RECORD EXCERPTS:
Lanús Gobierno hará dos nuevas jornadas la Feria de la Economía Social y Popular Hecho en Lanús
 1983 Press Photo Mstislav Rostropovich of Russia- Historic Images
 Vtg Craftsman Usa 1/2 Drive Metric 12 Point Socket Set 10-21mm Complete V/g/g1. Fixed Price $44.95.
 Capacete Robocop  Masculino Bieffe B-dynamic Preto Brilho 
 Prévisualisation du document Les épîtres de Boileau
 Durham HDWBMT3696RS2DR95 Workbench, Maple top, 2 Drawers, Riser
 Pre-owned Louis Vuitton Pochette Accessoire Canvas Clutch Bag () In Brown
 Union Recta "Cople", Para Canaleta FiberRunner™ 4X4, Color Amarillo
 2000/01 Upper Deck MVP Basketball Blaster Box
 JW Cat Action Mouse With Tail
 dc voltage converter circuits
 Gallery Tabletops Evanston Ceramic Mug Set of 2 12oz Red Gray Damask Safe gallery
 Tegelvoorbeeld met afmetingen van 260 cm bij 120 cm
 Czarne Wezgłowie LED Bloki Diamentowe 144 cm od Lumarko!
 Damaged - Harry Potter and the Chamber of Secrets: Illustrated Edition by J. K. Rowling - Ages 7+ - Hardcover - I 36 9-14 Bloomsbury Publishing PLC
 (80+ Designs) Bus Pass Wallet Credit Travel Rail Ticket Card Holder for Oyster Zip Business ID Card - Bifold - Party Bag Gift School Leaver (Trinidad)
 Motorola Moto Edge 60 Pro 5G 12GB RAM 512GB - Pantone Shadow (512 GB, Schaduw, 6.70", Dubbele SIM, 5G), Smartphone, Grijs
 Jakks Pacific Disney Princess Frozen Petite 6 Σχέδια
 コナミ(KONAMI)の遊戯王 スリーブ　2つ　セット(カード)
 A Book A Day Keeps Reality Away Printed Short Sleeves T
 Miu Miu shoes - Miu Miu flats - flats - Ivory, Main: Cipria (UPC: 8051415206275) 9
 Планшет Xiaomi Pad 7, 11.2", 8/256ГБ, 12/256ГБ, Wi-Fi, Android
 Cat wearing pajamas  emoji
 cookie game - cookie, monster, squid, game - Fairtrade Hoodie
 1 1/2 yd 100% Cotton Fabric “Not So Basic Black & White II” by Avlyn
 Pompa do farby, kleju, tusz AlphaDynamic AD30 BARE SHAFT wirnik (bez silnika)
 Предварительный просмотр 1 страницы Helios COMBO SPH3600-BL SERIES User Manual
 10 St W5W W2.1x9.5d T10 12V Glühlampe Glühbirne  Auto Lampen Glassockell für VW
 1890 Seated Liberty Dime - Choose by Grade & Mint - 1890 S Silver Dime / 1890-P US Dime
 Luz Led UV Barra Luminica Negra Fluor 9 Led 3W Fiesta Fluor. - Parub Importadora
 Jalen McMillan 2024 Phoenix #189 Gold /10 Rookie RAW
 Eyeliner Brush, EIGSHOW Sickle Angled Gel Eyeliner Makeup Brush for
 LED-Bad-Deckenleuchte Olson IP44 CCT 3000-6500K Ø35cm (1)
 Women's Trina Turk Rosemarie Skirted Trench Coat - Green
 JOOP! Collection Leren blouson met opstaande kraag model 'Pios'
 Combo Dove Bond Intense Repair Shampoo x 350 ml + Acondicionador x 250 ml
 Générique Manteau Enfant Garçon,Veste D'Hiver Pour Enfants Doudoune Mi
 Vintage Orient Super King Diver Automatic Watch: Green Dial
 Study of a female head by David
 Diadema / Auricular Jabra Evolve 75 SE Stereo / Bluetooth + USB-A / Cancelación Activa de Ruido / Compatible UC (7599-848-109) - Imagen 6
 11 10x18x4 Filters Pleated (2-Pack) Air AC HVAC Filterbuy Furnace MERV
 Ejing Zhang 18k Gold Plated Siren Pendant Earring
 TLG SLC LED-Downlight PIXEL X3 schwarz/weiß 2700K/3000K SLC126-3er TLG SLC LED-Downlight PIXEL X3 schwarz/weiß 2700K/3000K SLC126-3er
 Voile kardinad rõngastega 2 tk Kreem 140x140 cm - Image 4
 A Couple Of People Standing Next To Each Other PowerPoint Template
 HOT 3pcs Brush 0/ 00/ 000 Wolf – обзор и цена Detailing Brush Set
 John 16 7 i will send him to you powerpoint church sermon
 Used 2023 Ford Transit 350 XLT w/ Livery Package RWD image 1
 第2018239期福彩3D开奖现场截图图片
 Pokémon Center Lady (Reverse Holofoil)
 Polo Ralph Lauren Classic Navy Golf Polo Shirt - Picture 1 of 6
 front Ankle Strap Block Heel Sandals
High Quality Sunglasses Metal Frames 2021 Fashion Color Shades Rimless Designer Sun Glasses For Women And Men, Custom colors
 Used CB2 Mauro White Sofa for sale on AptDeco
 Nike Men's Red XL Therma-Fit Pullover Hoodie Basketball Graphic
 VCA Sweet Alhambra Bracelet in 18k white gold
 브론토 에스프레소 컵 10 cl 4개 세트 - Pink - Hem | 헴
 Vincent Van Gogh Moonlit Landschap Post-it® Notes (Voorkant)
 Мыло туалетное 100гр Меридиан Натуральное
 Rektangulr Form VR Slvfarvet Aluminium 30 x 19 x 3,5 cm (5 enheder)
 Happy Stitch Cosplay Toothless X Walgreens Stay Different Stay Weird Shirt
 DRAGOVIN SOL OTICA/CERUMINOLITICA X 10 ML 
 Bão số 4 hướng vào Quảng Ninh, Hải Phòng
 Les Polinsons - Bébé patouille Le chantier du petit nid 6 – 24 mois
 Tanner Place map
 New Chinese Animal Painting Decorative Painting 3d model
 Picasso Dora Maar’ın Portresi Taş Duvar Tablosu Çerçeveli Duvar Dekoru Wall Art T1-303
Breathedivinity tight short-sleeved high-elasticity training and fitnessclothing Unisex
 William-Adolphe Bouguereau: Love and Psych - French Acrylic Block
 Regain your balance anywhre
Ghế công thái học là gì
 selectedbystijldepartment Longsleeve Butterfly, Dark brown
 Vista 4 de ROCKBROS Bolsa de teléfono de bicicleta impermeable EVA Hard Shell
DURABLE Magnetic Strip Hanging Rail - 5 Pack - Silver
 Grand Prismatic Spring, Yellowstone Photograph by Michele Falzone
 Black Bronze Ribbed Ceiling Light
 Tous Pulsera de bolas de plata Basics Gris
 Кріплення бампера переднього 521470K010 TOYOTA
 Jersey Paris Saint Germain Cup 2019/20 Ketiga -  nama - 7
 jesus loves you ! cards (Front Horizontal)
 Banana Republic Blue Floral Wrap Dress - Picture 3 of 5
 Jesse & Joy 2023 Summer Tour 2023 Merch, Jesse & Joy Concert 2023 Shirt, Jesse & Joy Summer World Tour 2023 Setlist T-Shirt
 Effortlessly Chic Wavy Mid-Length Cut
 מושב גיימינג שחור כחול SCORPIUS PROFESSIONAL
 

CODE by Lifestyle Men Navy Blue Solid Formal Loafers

WHAT TO WORK ON: Looking at the entries above, can you reproduce exactly the lines from the one that holds "Regain your balance anywhre" through the one that holds "Tous Pulsera de bolas de plata Basics Gris", and only those?

EXPECTED OUTPUT:
 Regain your balance anywhre
Ghế công thái học là gì
 selectedbystijldepartment Longsleeve Butterfly, Dark brown
 Vista 4 de ROCKBROS Bolsa de teléfono de bicicleta impermeable EVA Hard Shell
DURABLE Magnetic Strip Hanging Rail - 5 Pack - Silver
 Grand Prismatic Spring, Yellowstone Photograph by Michele Falzone
 Black Bronze Ribbed Ceiling Light
 Tous Pulsera de bolas de plata Basics Gris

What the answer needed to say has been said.